A second State Department official on Thursday suggested the talks have intensified in the last month.
“Things have started moving with Congress, and we are now working with them to enact legislation that will allow us to implement the treaties,” the official -- also not authorized to comment on the record -- stated by e-mail.
Staffers from both houses have been working on their own proposals for implementing the four international agreements, the first official said, adding that all negotiations on legislative measures have used the Justice Department’s proposal as a starting point.
“There have been some discussions regarding draft legislation from the House side, draft legislation from the Senate side, so we’re working with both sides to try to realize legislation that could get through both houses expeditiously,” the source said.
The administration’s 2011 draft bill for the two nuclear agreements nearly matches the first, with the exception of brief additions that the State Department official said were intended to match the international and U.S. definitions of a “nuclear weapons state.”
Spokespeople for every participating committee turned down requests to discuss the latest roadblocks. The State Department insider, though, said lawmakers remained deeply concerned about two provisions in the Justice Department’s latest bill that take steps not required by the international nuclear security agreements: language to make an “act of nuclear terrorism” as defined under the law an executable offense if it results in death, and a measure to extend federal wiretapping authorities to specifically include investigations related to a nuclear incident.
House Judiciary Crime, Terrorism and Homeland Security Subcommittee ranking member Bobby Scott, D-Va., took issue with both aspects of the legislation at a hearing convened last October.
“The administration has clearly asked for more than is necessary to implement these treaties,” he said, noting the pacts themselves still enjoyed broad, bipartisan support.
In a separate criticism, Scott said the administration’s proposals would result in legal redundancies. The nuclear-security compliance text would create a new section of the federal criminal code, but the lawmaker said “existing statutes already cover most of our obligations” under the pacts. Any mandates in the four international accords not covered by existing U.S. law should be addressed “in a manner that simplifies the criminal code rather than complicates it,” Scott said.
Deputy Assistant Attorney General Brad Wiegmann at the hearing acknowledged “some overlap” with existing statutes.
It is uncertain to what extent GOP lawmakers on the panel share the concerns of their Democratic counterparts. The State Department insider admitted that “the death penalty has been an issue for some folks but not an issue for other folks,” but subcommittee Chairman James Sensenbrenner, R-Wis., railed with Scott at a December hearing against what both lawmakers described as a proliferation of unnecessary federal criminal statutes.
The State Department official said he was “confident we’re going to have consensus” on the legislation. “Everyone supports the aims of the treaty and what we’re trying to do and everyone’s trying to work with us and find ways to do it.”
It was still unclear how soon a deal could be reached, the official said, adding the administration has consistently sought in talks with congressional staff to “impart a sense of urgency” for completing ratification of all four security deals.
Pomper, though, said implementing the two nuclear agreements “is not a high priority item for Congress.”

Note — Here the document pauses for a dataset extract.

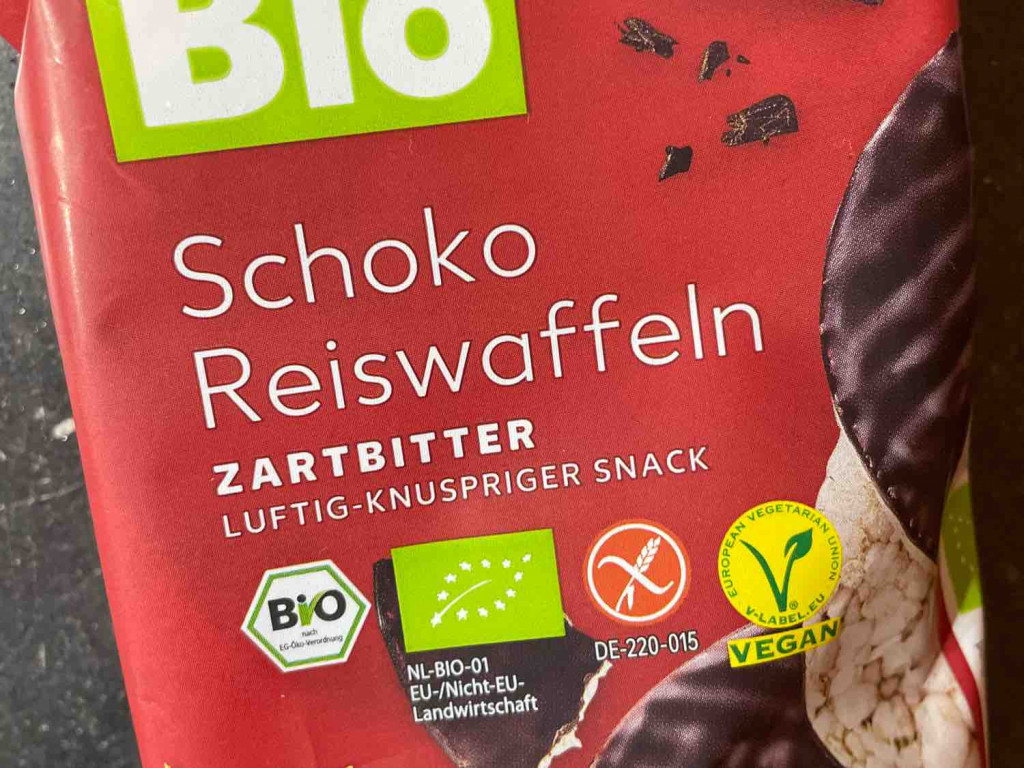 Schoko Reiswaffeln, Zartbitter von marenha | Hochgeladen von: marenha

“There’s not a lot of political benefit to doing this, and … even though they’re important, they’re sort of obscure to your average congressman, and they’re not going to win or lose an election on it,” the expert said.
The security benefits of the two agreements could outweigh their domestic political significance, statements by U.S. and international experts suggest. Both measures are “essential elements of the global nuclear-security architecture,” according to the 2010 summit communique and a statement by current and former top officials assembled to advise South Korean President Lee Myung-bak on the upcoming forum in Seoul.
“These treaties already won broad bipartisan support from the Senate in 2008 so passing simple legislation to implement them should be possible,” Senate Foreign Relations Committee Chairman John Kerry, D-Mass., told Global Security Newswire in an e-mail statement.
CORRECTION: The original version of this story misstated the number of countries that have ratified the Convention on the Physical Protection of Nuclear Material amendment. The correct number is 53.